Quentin Tarantino Hated This Stephen King Adaptation: 'Turned It Off After 25 Minutes'
Tarantino shared which King of Horror story had him disappointed beyond measure.
Stephen King live-action adaptations are almost a genre of their own with how many of them there are — but while abundant, they’re not always great. Sure, we have some timeless classics like Carrie (the original) or The Shining, but there are also countless failed attempts at bringing the King of Horror’s stories to the silver screen.
And Quentin Tarantino would never have passed on an opportunity to point that out.
What King Movie Did Tarantino Hate?
Originally released in the form of a novel, Salem’s Lot by Stephen King follows a man returning to the town of his childhood to discover that the grim house he unfondly remembers from those days has new owners, and dark things are happening around it. As the townsfolk begin disappearing and being turned into vampires, he decides to act — and save the remaining people from this grim fate.
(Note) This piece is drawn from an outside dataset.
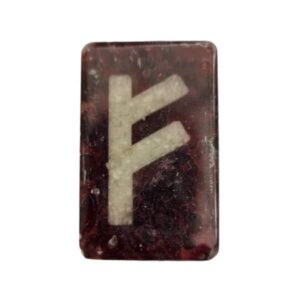 Elder Futhark Garnet & Quartz Crystal Runes - Viking Runes - Wyrdraven Runes - wyrdraven.co.uk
Salem’s Lot live-action adaptation premiered as a two-part movie in 1979 and didn’t exactly become a banger. Still, to this day it holds a reasonably middling 6.7/10 IMDb score… But for Quentin Tarantino, it could have never been good enough.
“When I finally saw [Salem’s Lot], I was prepared for something great… And man, was I disappointed. To me, it just seemed like a stretched-out TV movie done in a very TV style (and I like TV movies). I tried to watch it again a couple of years ago and it was just too dull. I turned it off after about 25 minutes,” Tarantino wrote in his book Cinema Speculation.
King and Tarantino Are No Friends
Notably, Salem’s Lot was directed by Tobe Hooper, the man famous for his instant cult classic The Texas Chain Saw Massacre. Quentin Tarantino admitted that he was a fan of the director’s work, but still, Hooper’s adaptation of Salem’s Lot never quite did it for Tarantino. Perhaps, his review also had to do with the novel’s author?..
Despite both being widely-acclaimed juggernauts of their crafts, Stephen King and Quentin Tarantino have never been on particularly friendly terms. The director’s move on King’s adaptation isn’t the first time one of them was criticizing the other’s work. Previously, King demolished Tarantino’s Kill Bill movies, calling it “narcissistic, dully full of itself, and tiresome.”
So, what are we thinking? Did Tarantino simply strike back for the insult of the Kill Bill movies or did he actually just hate the Salem’s Lot adaptation?